La oración de María era continua. Por oración se entiende, no solo las palabras de alabanza, de agradecimiento o de amor dirigidas a Dios, sino también la relación habitual entre el alma y Dios, relación que por nadie es mejor representada que por el pequeñuelo pegado siempre a su madre; pues si anda, la coge por los vestidos; si juega, apenas aparta de ella su mirada; si descansa, lo hace en sus brazos o cerca de la cama en donde reposa su madre. He ahí la imagen de María y de Dios.

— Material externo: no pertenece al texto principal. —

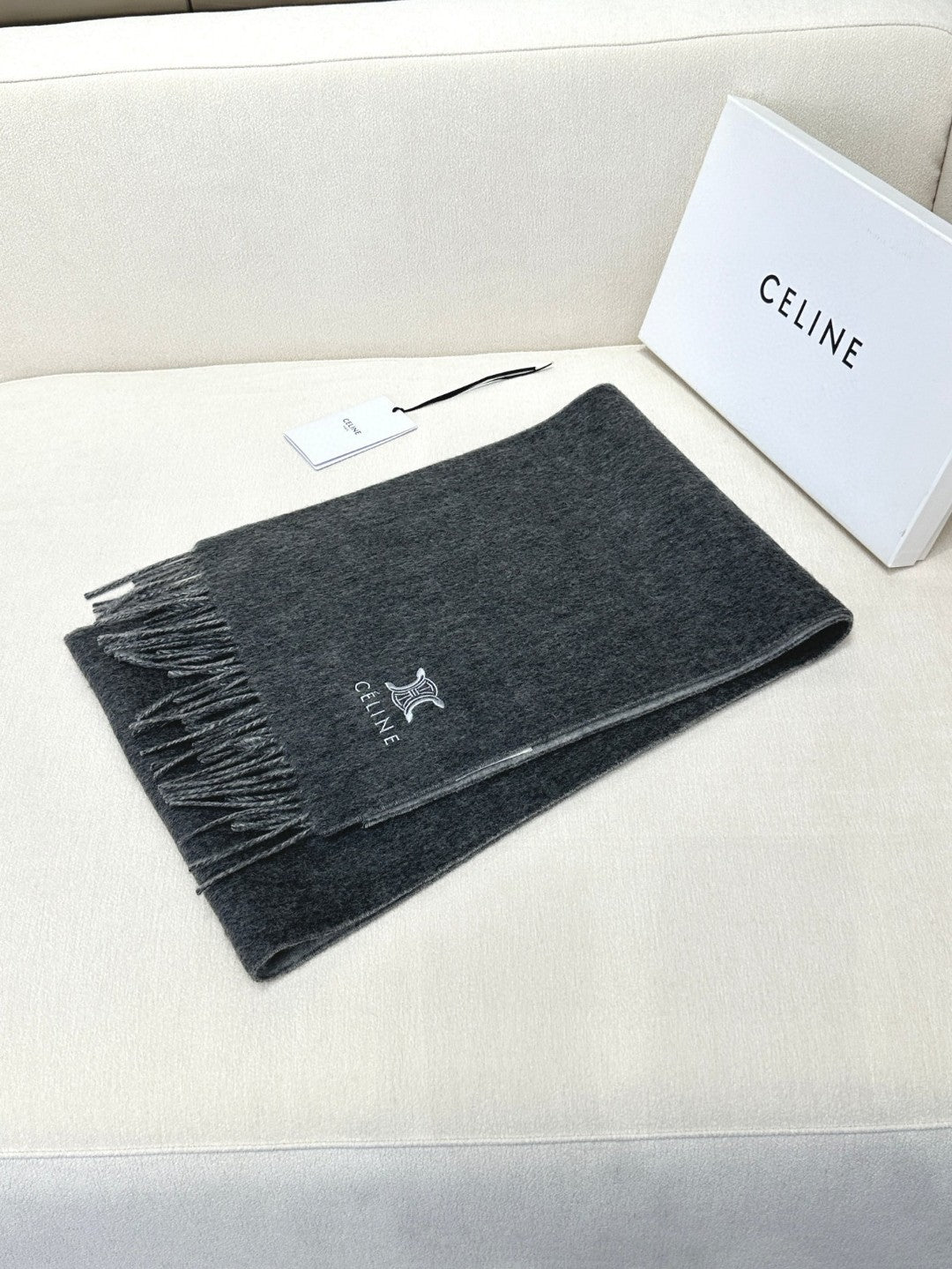 【関税負担なし 本物保証】スカーフ 180*30CM  241108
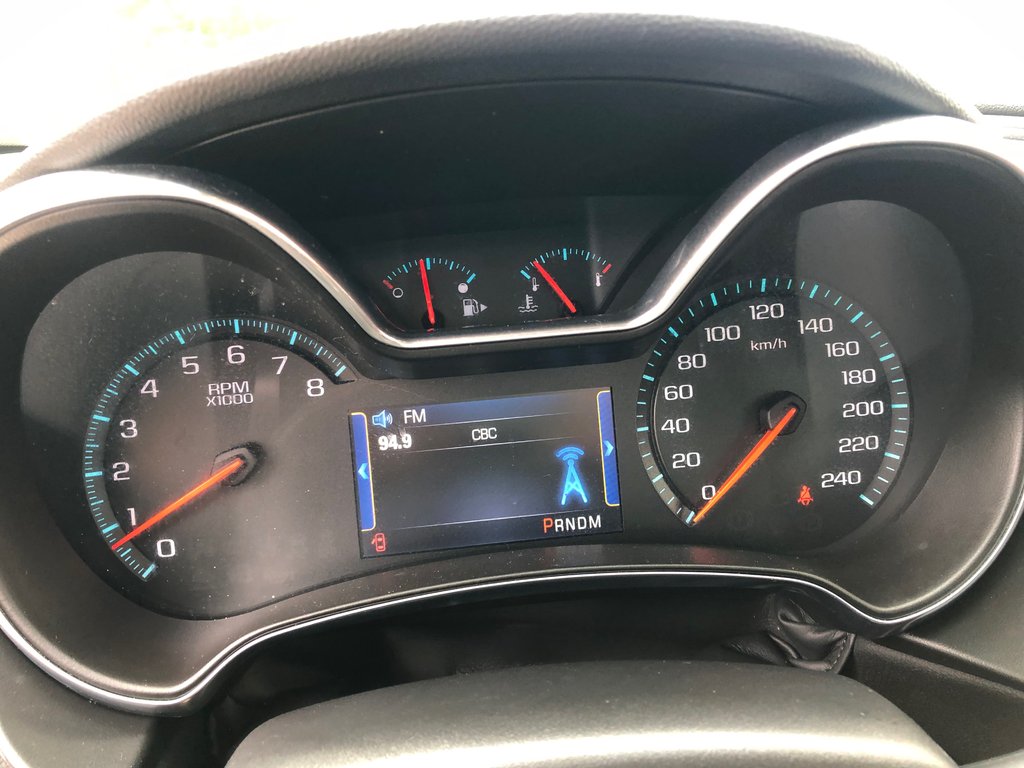 2014 Chevrolet Impala LT- cruise control, reverse camera, hands free, AC in COLDBROOK, Nova Scotia - 11 - w1024h768px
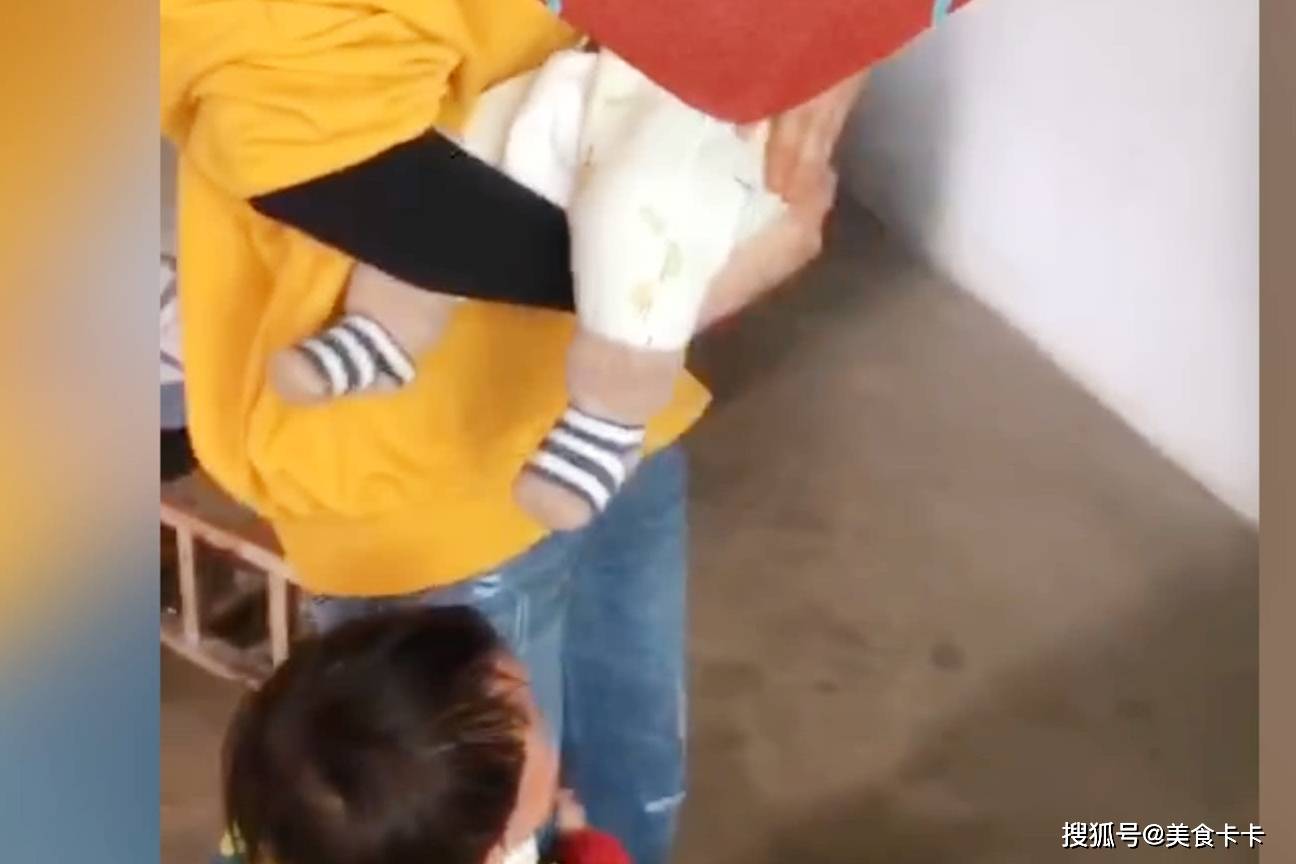 侵权|妈妈要哄二胎宝宝睡觉,不料大宝却做出此行为,妈妈不淡定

La oración de María era sencilla cuando salía de sus labios. Sencilla en las palabras y en los sentimientos. María adoraba y lo decía; María amaba y lo decía; María agradecía y lo decía tal cual lo experimentaban en su interior. ¡No usemos términos rebuscados cuando nos dirijamos a Dios! Sencilla en lo exterior, María rezaba con mucho respeto y modestia, pero no se advertía afectación ni austeridad, ni singularidad alguna en Ella; la calma de su rostro, la serenidad de su frente, la paz que mostraba en todo, hacía exclamar a todos cuantos la veían: “Está hablando con Dios”.
La oración de María era regular. María se había fijado las horas de conversación particular con Dios, y al llegar alguna de estas horas, dejaba toda ocupación que no le fuese impuesta por la caridad o por la obligación, y se decía: “Vamos, Dios me espera”.
¡Oh Madre mía! ¿Cuándo rezaré como Tú? ¿Cuándo consideraré la oración como la cosa más seria, más importante, más preferida?